OK, I admit it - I'm a karaoke junkie. My friends and I go every week. I have a standard set of songs I sing - because I've practiced them so often I could sing them in my sleep. I don't have to worry about going out on a limb - I'll sound good as long as I stick to what I know. Last night after singing "Moondance" for about the 98th time the DJ kept me up on stage. "A gentleman has requested Andrea sing 'Fever' so we're gonna keep her up here for one more song."
What!? I thought, "I haven't practiced this song. What if I fail? What if I sound terrible in front of this room full of people? No way - I just can't do this."
It took some persuading, but I eventually agreed to sing the song. I stood on stage praying that I wouldn't mess up.

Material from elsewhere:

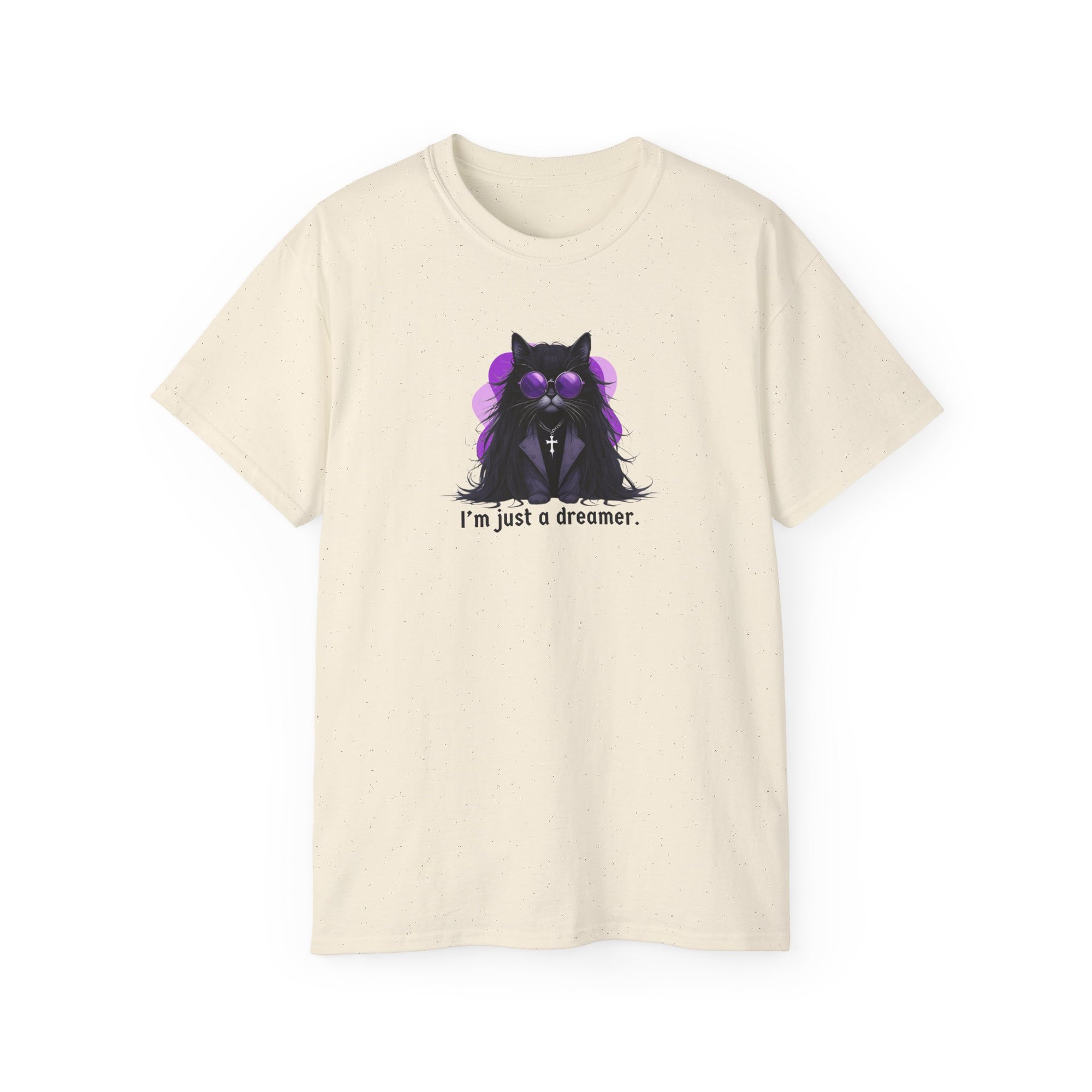 Just a Dreamer Ozzy Cat Graphic Tee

The comfortable feeling I had during the last song apparently decided to go outside and have a cigarette. I held the microphone in my slightly shaking hand when the seductive beat began. I swayed my hips at each pluck of the bass and started to find my grove.
Then a miracle happened (ok, maybe not a miracle - but something pretty cool). I started singing and I was good - damn good. So good I got a standing ovation.
Strutting back to my seat I reflected on what had just happened. Because I had something that worked, there was little incentive for me to go outside of my comfort zone. But because I didn't take the risk, I missed out on an even better opportunity.
Marketing strategies can fall into the same routine. Year after year companies stick with "what works" because they fear the unknown.
Trying something new is risky. There's a chance you'll fail - but there's also the chance that you'll have overwhelming success. And if you're missing out on a standing ovation - doesn't that make staying comfortable the really risky choice?